Welcome to the family once adopted brother.


----------



## pointwithinacircle2 (Feb 4, 2015)

welcome Brother


----------



## Bro. Stewart P.M. (Feb 5, 2015)

My sincere congratulations to you, Brother!


----------



## mrpierce17 (Feb 5, 2015)

Welcome and congratulations


----------



## KSigMason (Feb 8, 2015)

Welcome to the forum.


----------



## Glen Cook (Feb 8, 2015)

Welcome.


----------



## Gordon Hines (Feb 13, 2015)

Welcome Brother.
We're almost neighbors. I'm in Bracebridge, Muskoka Lodge 360.


----------



## rustysoap (Feb 15, 2015)

Appreciate the warm welcome from my brothers. Thank you. Bro. Gordon, only been put to bracebridge once. Last year on a nice Sunday bike ride. Nice scenery


----------



## dward5695 (Feb 17, 2015)

Hello All. My name is Dan Ward and I am just beginning my journey. I am excited to learn more, and to be of service. My BL is the Norwich-Oxford 175 in Upstate NY.


----------



## mrpierce17 (Feb 18, 2015)

dward5695 said:


> Hello All. My name is Dan Ward and I am just beginning my journey. I am excited to learn more, and to be of service.

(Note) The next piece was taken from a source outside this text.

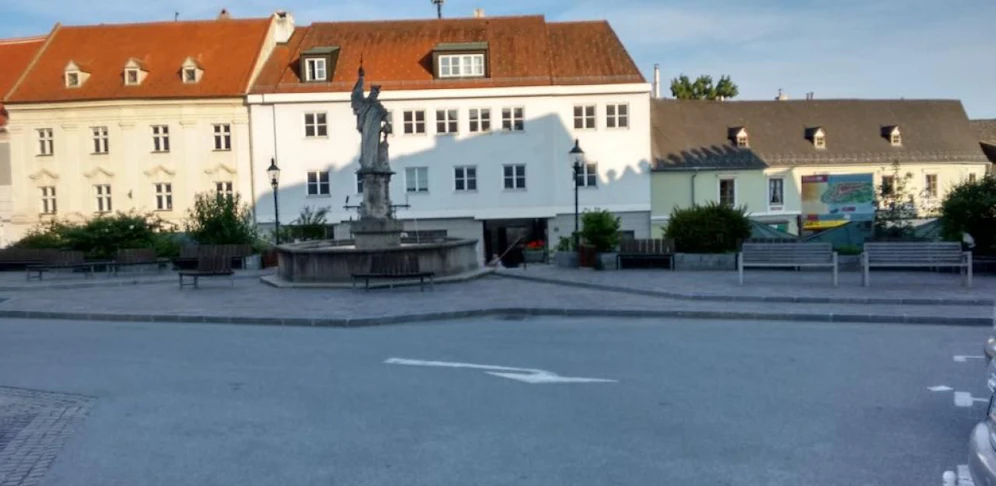 Ein Streit auf dem Hauptplatz eskalierte in Horn.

My BL is the Norwich-Oxford 175 in Upstate NY.


Welcome to the site


----------



## Ghost (Feb 20, 2015)

Welcome


----------



## stevenson8877 (Mar 18, 2015)

Welcome to the craft.


----------



## rpbrown (Mar 19, 2015)

Welcome and congradulations


----------



## rustysoap (Apr 9, 2015)

I've officially been passed to the degree of Fellow Craft as of April 7, 2015. I have my 3rd degree on May 9th during my lodge's "Degree Day". A full day of degrees before the lodge goes dark for summer (Not an all 3 degrees in 1 day type of deal.)


----------



## dfreybur (Apr 10, 2015)

Welcome again to the family twice adopted brother.  Only a month until your third - Work hard on your proficiency.


----------